PROBLEM STATEMENT: Exactly as written, please repeat the data that follows, but not the pictures.

AVAILABLE DATA:
^^^^^^^^^^^^^^^^

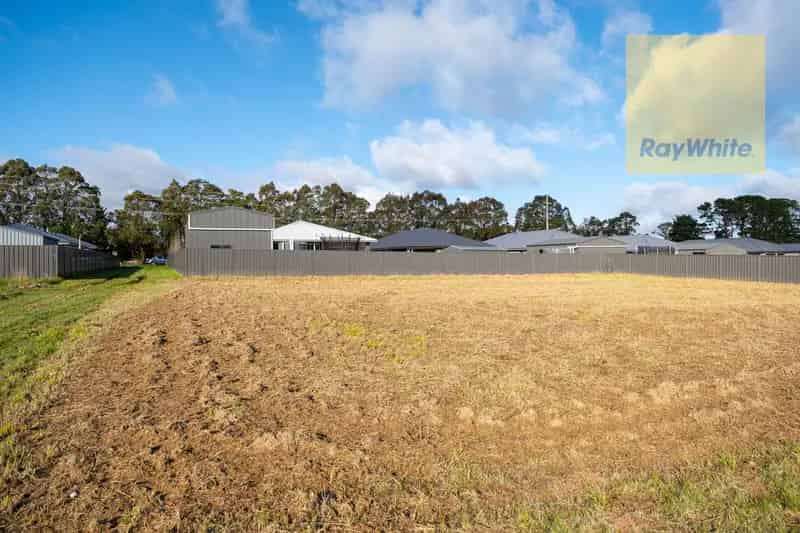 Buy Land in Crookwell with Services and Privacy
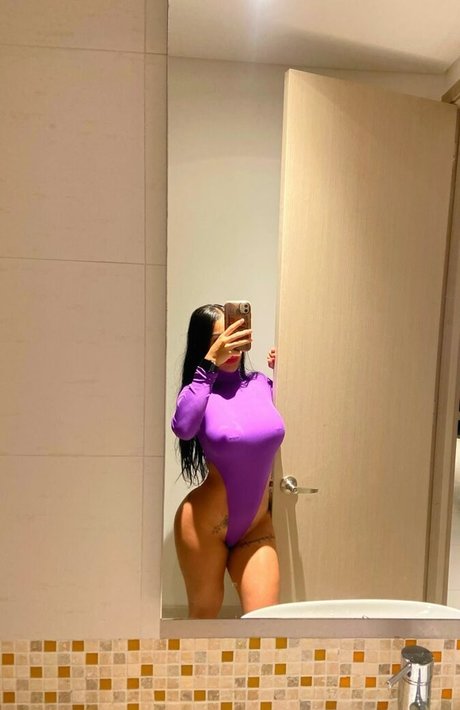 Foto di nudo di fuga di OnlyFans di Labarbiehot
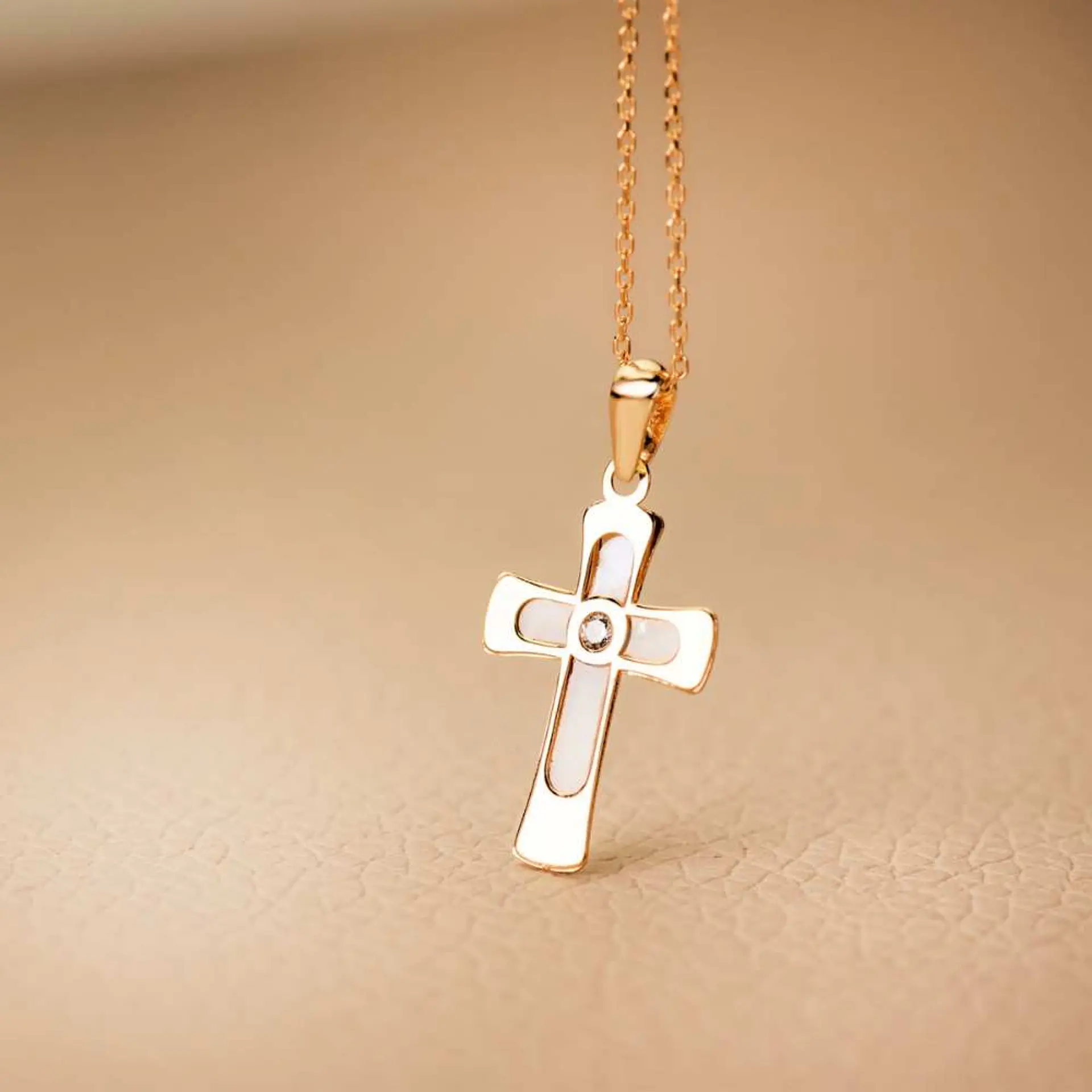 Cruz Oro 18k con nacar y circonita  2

^^^^^^^^^^^^^^^^

RESPONSE BOX:
 Buy Land in Crookwell with Services and Privacy
 Foto di nudo di fuga di OnlyFans di Labarbiehot
 Cruz Oro 18k con nacar y circonita  2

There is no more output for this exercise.